Extracted records:
---
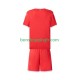 Maillot Domicile Tunisie 2025 Manches Courtes Jeune Enfant(+shorts)
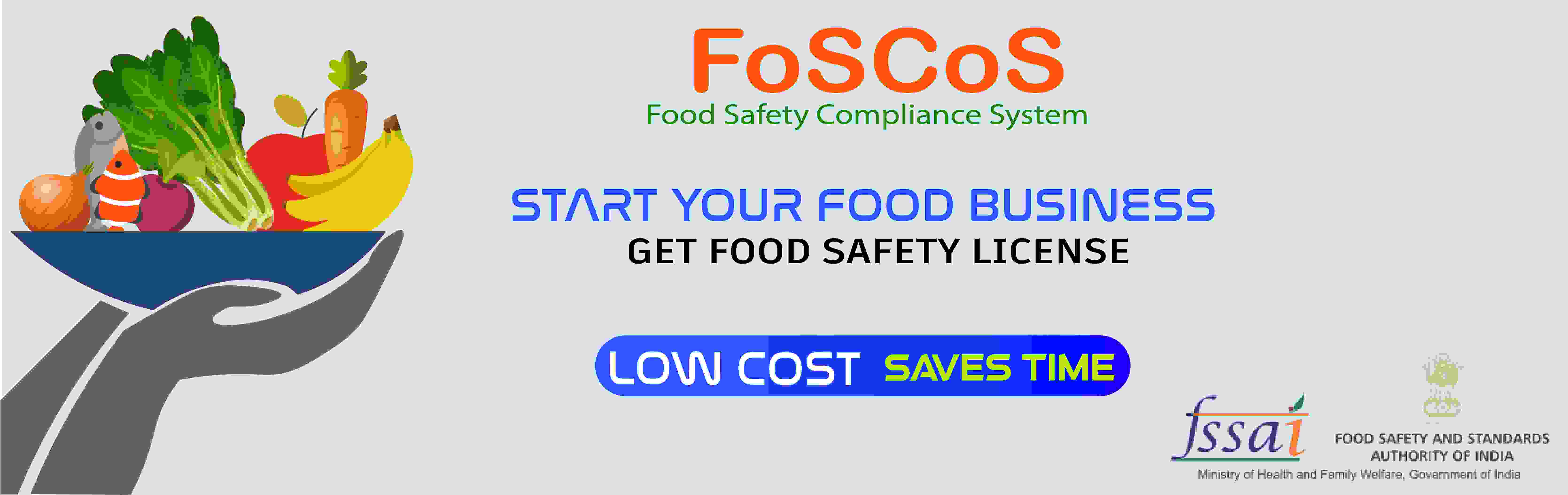 Food license online registration
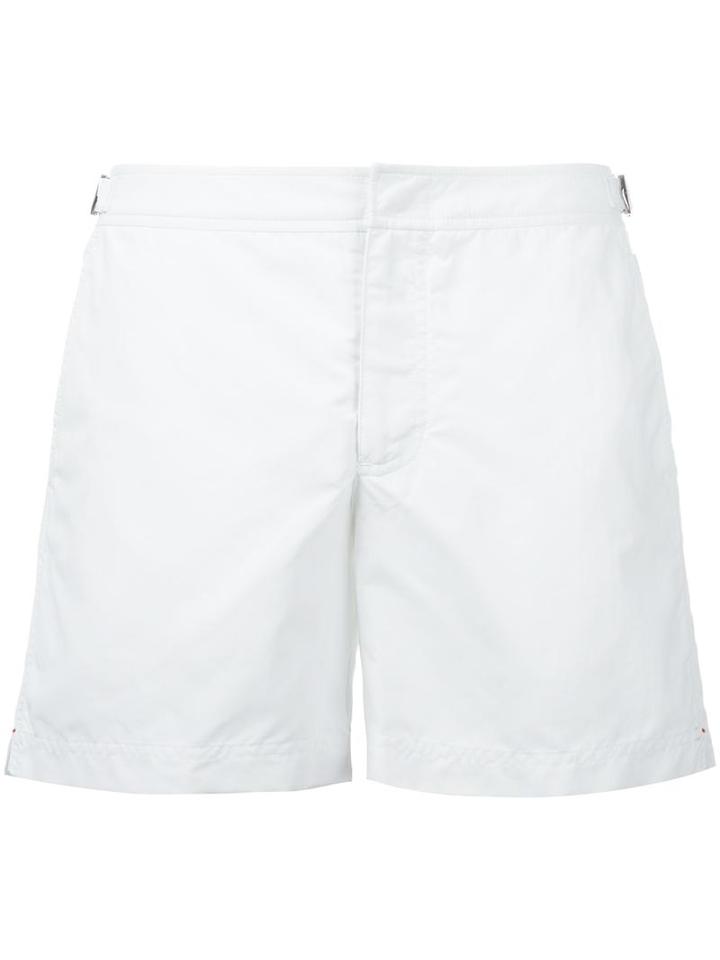 Orlebar Brown Classic Swim Shorts, Men's, Size: 33, White, Polyamide/polyester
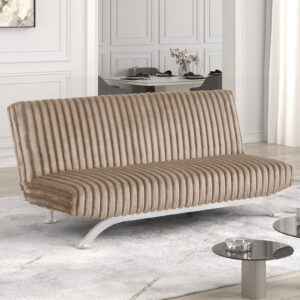Futon Sofa Bed, Taupe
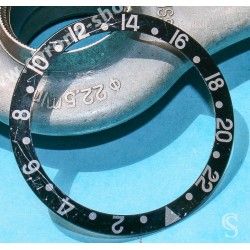 ROLEX 90's COKE NOIR FAT FONT SERIFS INSERT GRADUE 24H LUNETTE MONTRES GMT MASTER 16700,16710,16760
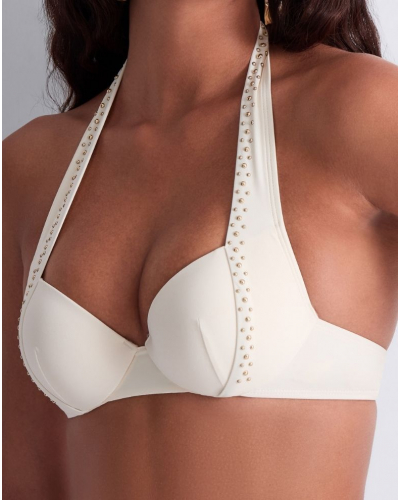 Soutien-gorge de bain plunge coques Aubade Summer Stars (Sea Pearl)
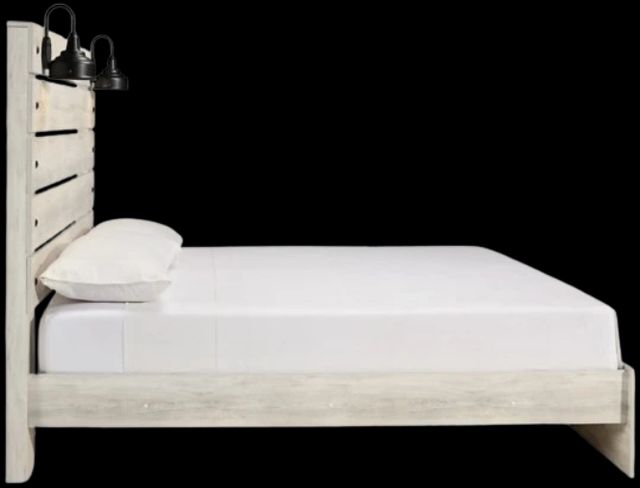 Signature Design by Ashley® Cambeck Whitewash King Panel Bed-2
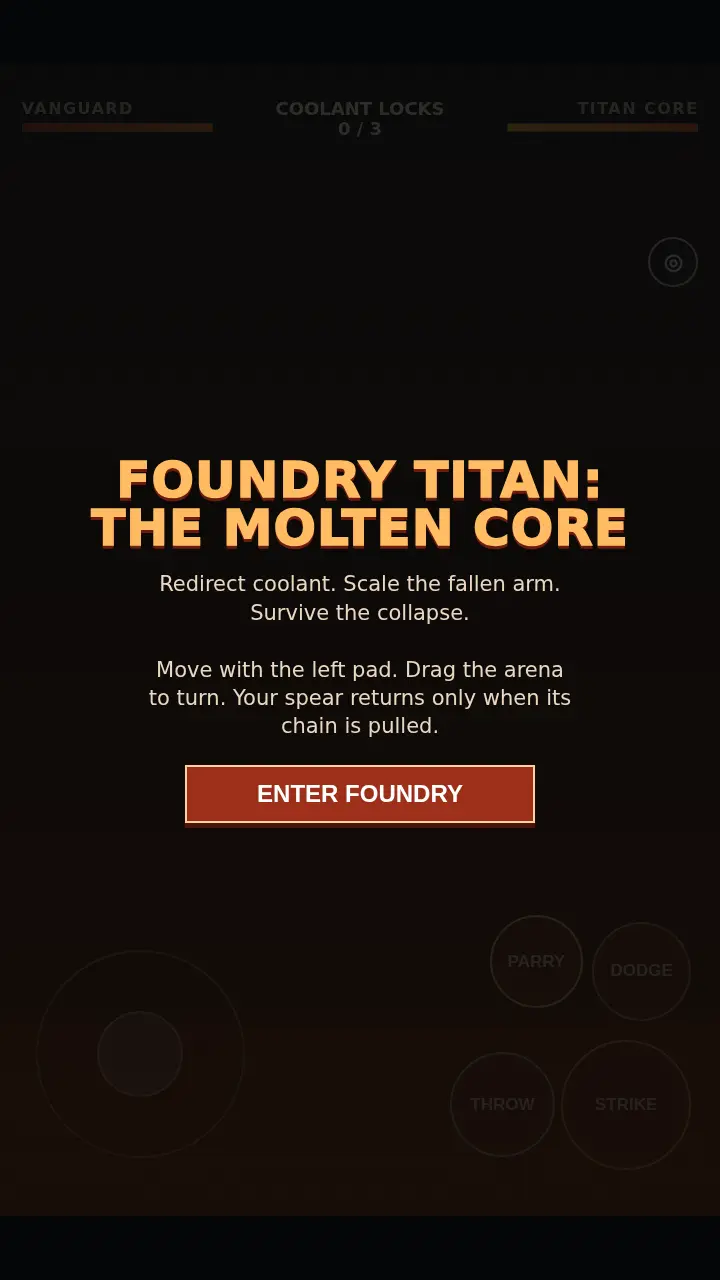 Foundry Titan: The Molten Core game cover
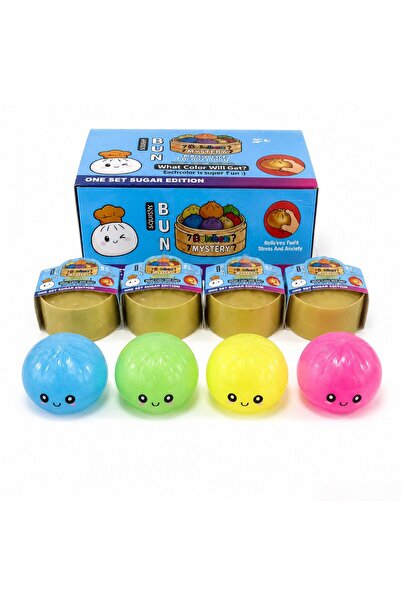Leski Jucărie Squishy Dumpling NeeDoh, Leski, Model Fată Zâmbitoare, Fosfores...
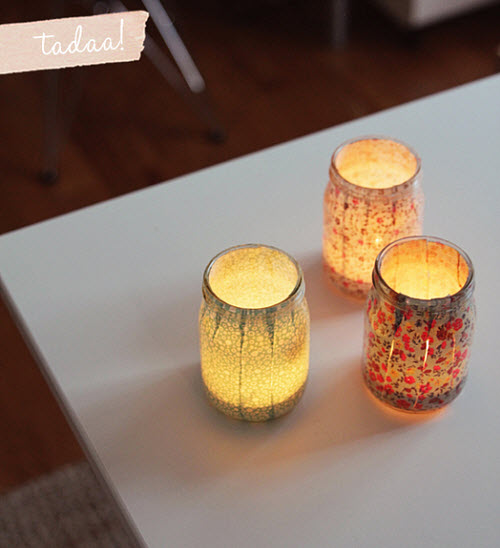 mason jar candles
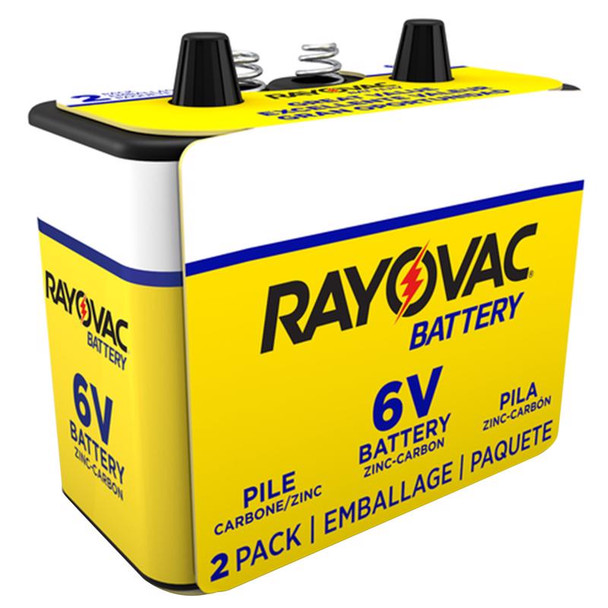 Rayovac 6-Volt Lantern Batteries (2-Pack) - Reliable Zinc Carbon Power for Lanterns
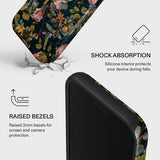Burga iPhone 17 Pro Max Deksel Tough MagSafe Bloomy Garden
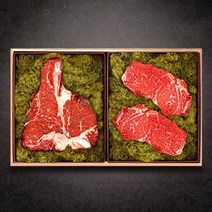 기타 [참다올] 프리미엄 국내산 소고기 드라이에이징 특수부위세트B 1250g(포터하우스 650g+채끝등심 600g), 상세페이지 참조
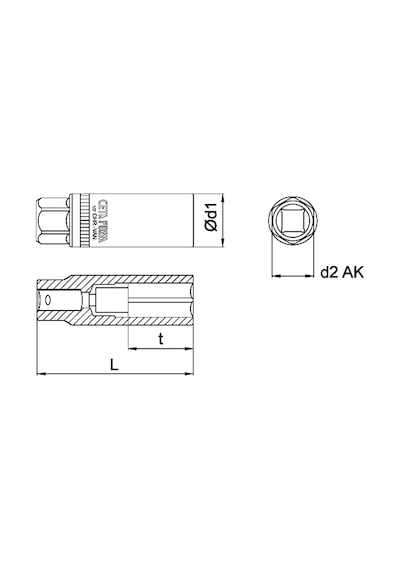 Ceta Form C27-r21m 1/2'' Buji Lokması (mıknatıslı) 21 Mm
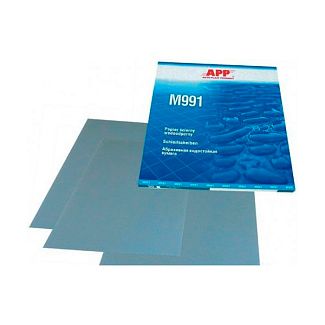 Наждачная бумага P1200 0.23x0.28м водостойкая синяя APP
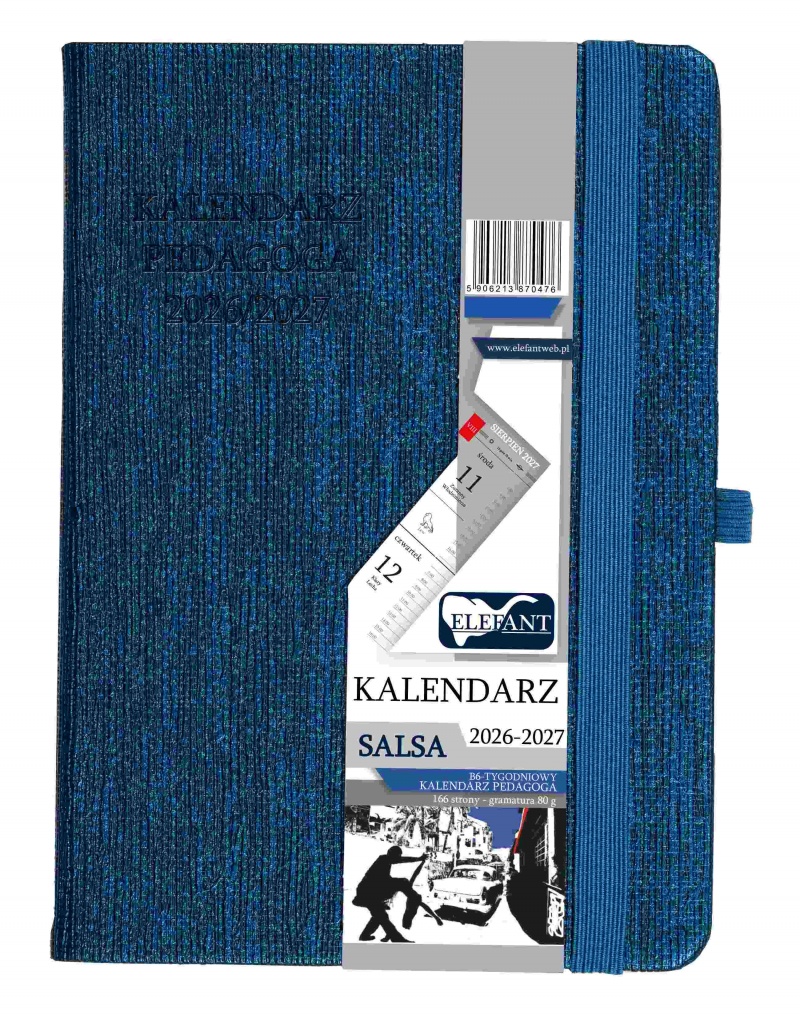 KALENDARZ PEDAGOGA SALSA B6 TYGODN.PERŁOWY 2026/27, Nauczyciela i akademickie, Kalendarze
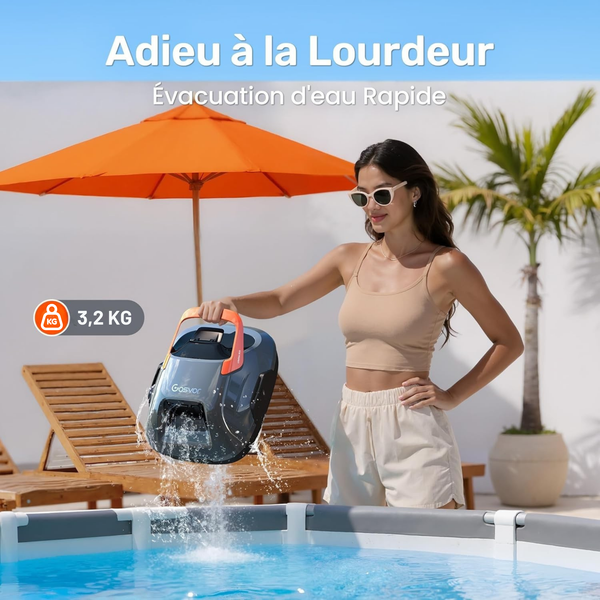 Seulement 3,2 kg — léger à sortir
---
▶ TASK DESCRIPTION:
For every entry, return its exact wording and leave out any image.

▶ ANSWER:
 Maillot Domicile Tunisie 2025 Manches Courtes Jeune Enfant(+shorts)
 Food license online registration
 Orlebar Brown Classic Swim Shorts, Men's, Size: 33, White, Polyamide/polyester
Futon Sofa Bed, Taupe
 ROLEX 90's COKE NOIR FAT FONT SERIFS INSERT GRADUE 24H LUNETTE MONTRES GMT MASTER 16700,16710,16760
 Soutien-gorge de bain plunge coques Aubade Summer Stars (Sea Pearl)
 Signature Design by Ashley® Cambeck Whitewash King Panel Bed-2
 Foundry Titan: The Molten Core game cover
Leski Jucărie Squishy Dumpling NeeDoh, Leski, Model Fată Zâmbitoare, Fosfores...
 mason jar candles
 Rayovac 6-Volt Lantern Batteries (2-Pack) - Reliable Zinc Carbon Power for Lanterns
Burga iPhone 17 Pro Max Deksel Tough MagSafe Bloomy Garden
 기타 [참다올] 프리미엄 국내산 소고기 드라이에이징 특수부위세트B 1250g(포터하우스 650g+채끝등심 600g), 상세페이지 참조
 Ceta Form C27-r21m 1/2'' Buji Lokması (mıknatıslı) 21 Mm
 Наждачная бумага P1200 0.23x0.28м водостойкая синяя APP
 KALENDARZ PEDAGOGA SALSA B6 TYGODN.PERŁOWY 2026/27, Nauczyciela i akademickie, Kalendarze
 Seulement 3,2 kg — léger à sortir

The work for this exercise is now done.